Culture, Sport and Recreation
Our part of the Swansea valley has always scored highly in terms of cultural endeavour, notably in the fields of poetry, prose and music. Amongst Pontardawe’s most well known personalities are Mary Hopkin, singer, the late Rachel Thomas, actress, Dafydd Rowlands, poet and prose writer and the late David James Jones (Gwenallt), poet, to name but a few. There has always been a vibrant Welsh folk scene over many years represented in more recent times by the Pontardawe International Music Festival.

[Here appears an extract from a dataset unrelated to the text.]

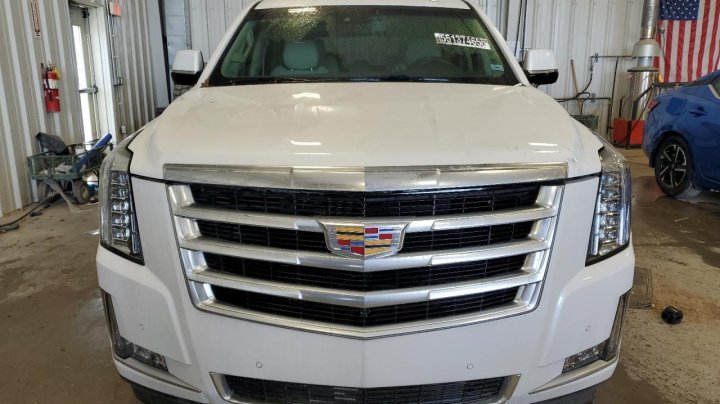 Cadillac Escalade  2016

In addition, the area has a rich sporting and recreational tradition with local rugby and cricket clubs. Gareth Edwards, Robert Jones and Arwel Thomas, who all originated from the district of Pontardawe are well known for their rugby playing skills.
In the leisure and environment fields Pontardawe has a large range of activities on offer to local residents and visitors alike. It boasts a modern leisure complex facility with an indoor bowling green, playing fields, local parks with outdoor bowling green and a golf course.
The Arts Centre gives and added facility to the leisure and entertainment sector for all sections of the community, offering a wide variety of concerts and other events.
A variety of other clubs and societies have been set up and flourished over the years. Facilities for reading, art, adult and community
education, roller skating, concerts, theatre and cinema going are also available.
The natural environment of ancient woodlands, riverside and canal walks, several waterfall features, mountain drives and superb scenery are an attraction that complement the historic and built environment of religious buildings, residential buildings and commercial buildings, and the canal that flows through the heart of the town. The canal has now been restored as an amenity facility and a passenger carrying trip boat commenced operating at Pontardawe once again in 1994. It operates throughout the summer months along a restored section of canal between Pontardawe and Ynysmeudwy. Wildlife is also well represented in the valley.